Entropy dissipative higher order accurate positivity preserving time-implicit discretizations for nonlinear degenerate parabolic equations

We develop entropy dissipative higher order accurate local discontinuous Galerkin (LDG) discretizations coupled with Diagonally Implicit Runge-Kutta (DIRK) methods for nonlinear degenerate parabolic equations with a gradient flow structure. Using the simple alternating numerical flux, we construct DIRK-LDG discretizations that combine the advantages of higher order accuracy, entropy dissipation and proper long-time behavior. The implicit time-discrete methods greatly alleviate the time-step restrictions needed for the stability of the numerical discretizations.

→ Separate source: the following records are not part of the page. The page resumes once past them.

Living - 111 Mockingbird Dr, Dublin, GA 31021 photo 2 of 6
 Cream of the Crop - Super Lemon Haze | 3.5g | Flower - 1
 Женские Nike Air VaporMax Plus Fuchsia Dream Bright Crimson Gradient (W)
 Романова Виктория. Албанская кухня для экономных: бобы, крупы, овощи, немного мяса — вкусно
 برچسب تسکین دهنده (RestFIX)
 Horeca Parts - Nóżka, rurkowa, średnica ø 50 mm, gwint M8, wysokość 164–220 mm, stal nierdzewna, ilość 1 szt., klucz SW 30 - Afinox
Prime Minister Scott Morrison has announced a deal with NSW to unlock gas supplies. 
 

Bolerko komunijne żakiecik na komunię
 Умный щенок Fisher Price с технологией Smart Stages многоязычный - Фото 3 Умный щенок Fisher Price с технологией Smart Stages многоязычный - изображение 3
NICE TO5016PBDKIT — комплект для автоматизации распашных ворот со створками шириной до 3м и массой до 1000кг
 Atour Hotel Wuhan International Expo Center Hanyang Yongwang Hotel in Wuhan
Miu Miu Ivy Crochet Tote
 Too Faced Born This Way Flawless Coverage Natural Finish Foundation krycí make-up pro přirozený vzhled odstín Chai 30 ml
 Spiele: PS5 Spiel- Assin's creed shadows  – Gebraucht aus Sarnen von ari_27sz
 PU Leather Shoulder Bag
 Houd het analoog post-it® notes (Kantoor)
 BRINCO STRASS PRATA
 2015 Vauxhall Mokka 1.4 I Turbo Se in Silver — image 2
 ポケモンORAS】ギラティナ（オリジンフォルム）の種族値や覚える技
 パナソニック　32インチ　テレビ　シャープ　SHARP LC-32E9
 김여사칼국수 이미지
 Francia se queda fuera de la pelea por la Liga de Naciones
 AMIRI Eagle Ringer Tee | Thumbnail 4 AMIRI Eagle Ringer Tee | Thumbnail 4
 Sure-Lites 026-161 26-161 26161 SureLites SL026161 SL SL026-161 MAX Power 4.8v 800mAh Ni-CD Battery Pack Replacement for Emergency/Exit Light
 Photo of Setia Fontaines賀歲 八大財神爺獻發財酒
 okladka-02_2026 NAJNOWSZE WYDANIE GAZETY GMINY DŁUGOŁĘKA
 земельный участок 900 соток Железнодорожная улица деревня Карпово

Also, the larger time step significantly improves computational efficiency. We theoretically prove the unconditional entropy dissipation of the implicit Euler-LDG discretization. Next, in order to ensure the positivity of the numerical solution, we use the Karush-Kuhn-Tucker (KKT) limiter, which couples the positivity inequality constraint with higher order accurate DIRK-LDG discretizations using Lagrange multipliers. In addition, mass conservation of the positivity-limited solution is ensured by imposing a mass conservation equality constraint to the KKT equations. The unique solvability and unconditional entropy dissipation for an implicit first order accurate in time, but higher order accurate in space, KKT-LDG discretizations are proved, which provides a first theoretical analysis of the KKT limiter. Finally, numerical results demonstrate the higher order accuracy and entropy dissipation of the KKT-DIRK-LDG discretizations for problems requiring a positivity limiter.